> **Task**: In the material below, the lines between the one holding "208 Osprey Dr, Richmond Hill, GA 31324" and the one holding "Four Seasons River Inn & RV Park", inclusive, are to be set down word for word. Pictures stay out.

> **Material shown**:
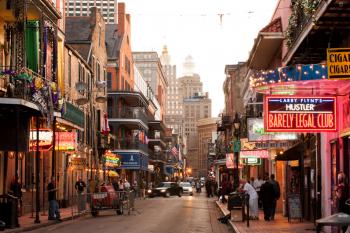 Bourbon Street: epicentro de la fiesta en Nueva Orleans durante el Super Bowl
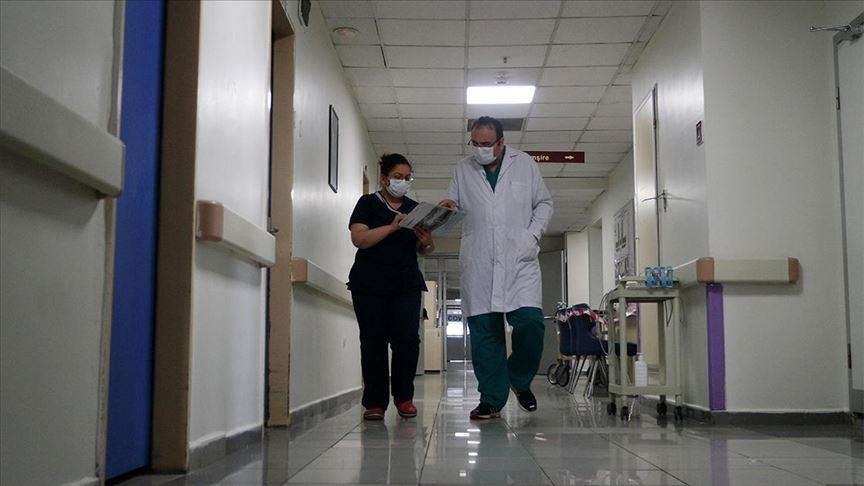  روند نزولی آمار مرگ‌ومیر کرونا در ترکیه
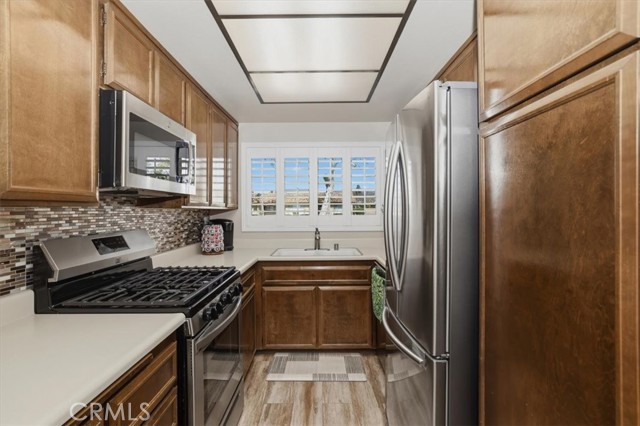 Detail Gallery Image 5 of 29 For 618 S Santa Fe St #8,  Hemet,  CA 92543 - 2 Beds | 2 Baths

* * *

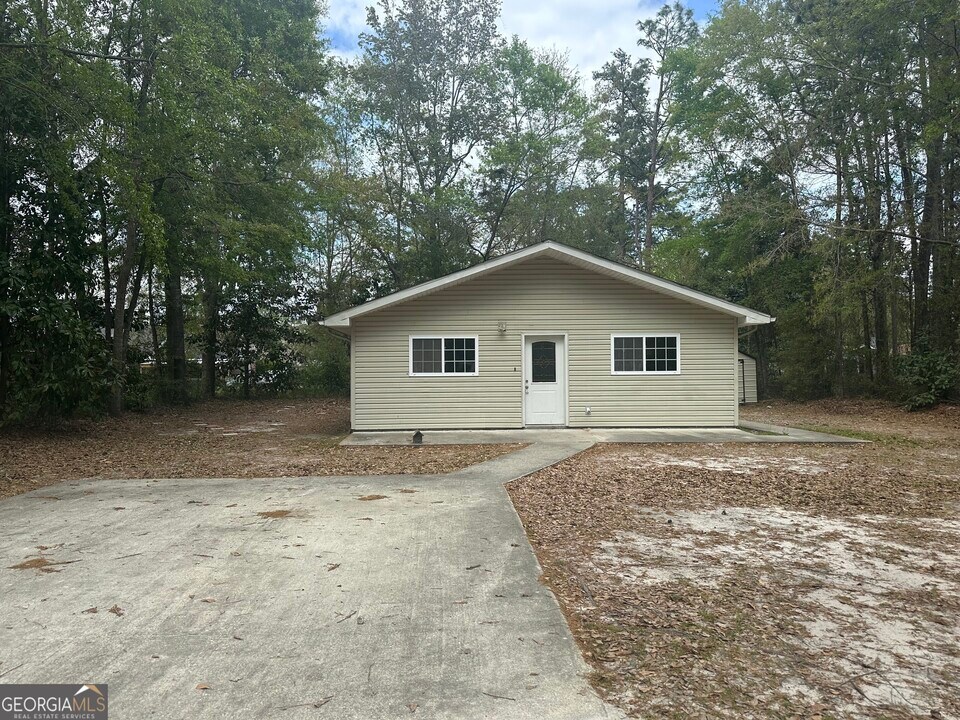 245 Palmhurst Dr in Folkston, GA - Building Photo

---

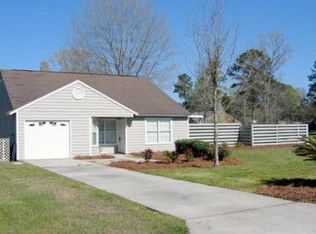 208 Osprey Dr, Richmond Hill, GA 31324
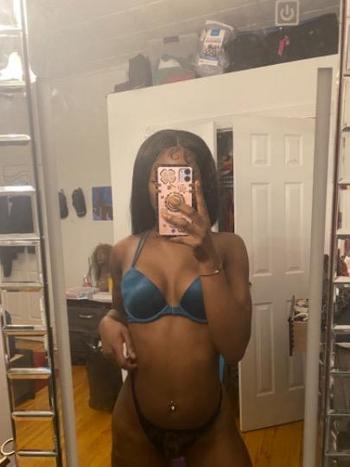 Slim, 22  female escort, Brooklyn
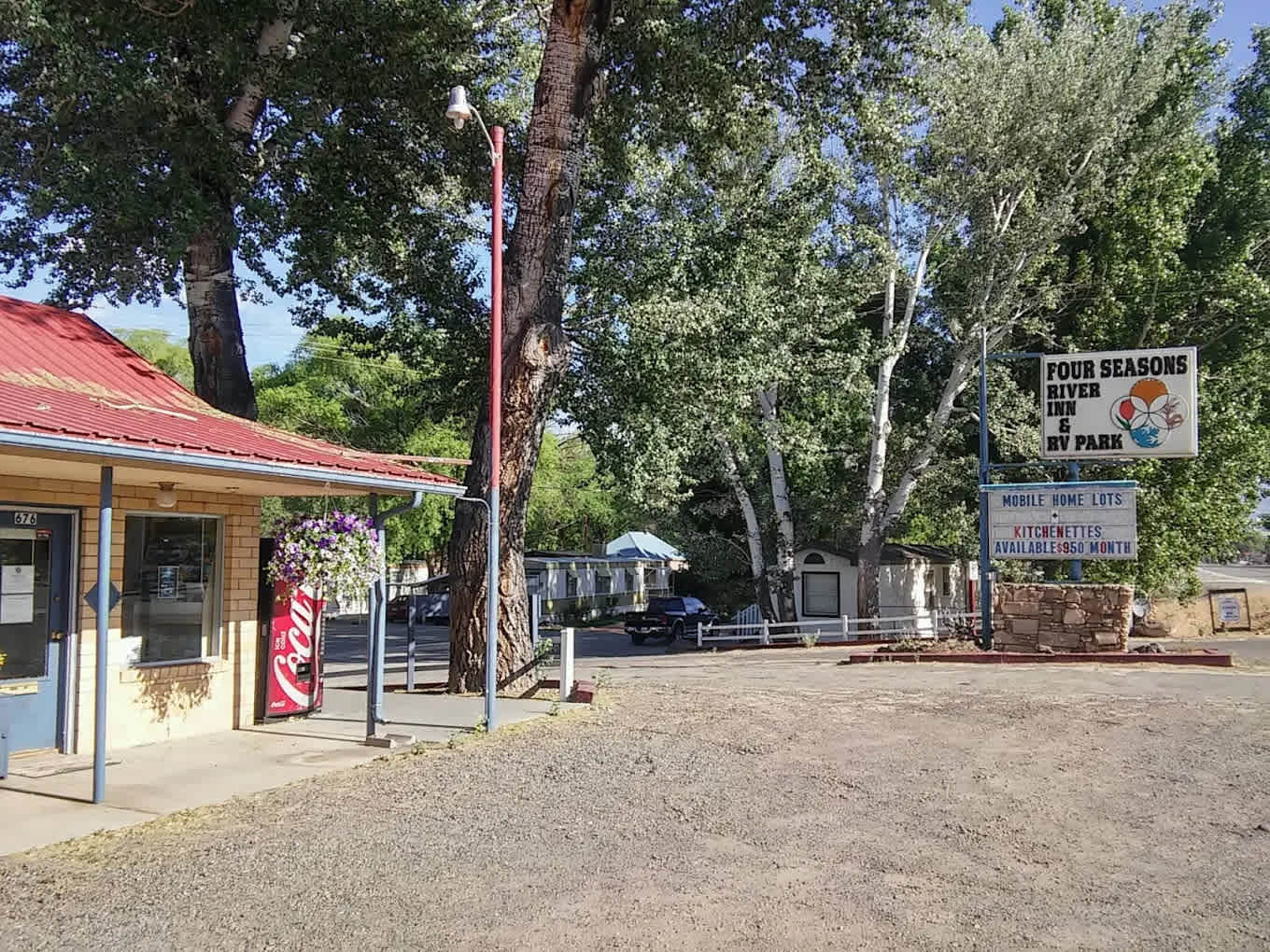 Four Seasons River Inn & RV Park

> **Your solution**:
 208 Osprey Dr, Richmond Hill, GA 31324
 Slim, 22  female escort, Brooklyn
 Four Seasons River Inn & RV Park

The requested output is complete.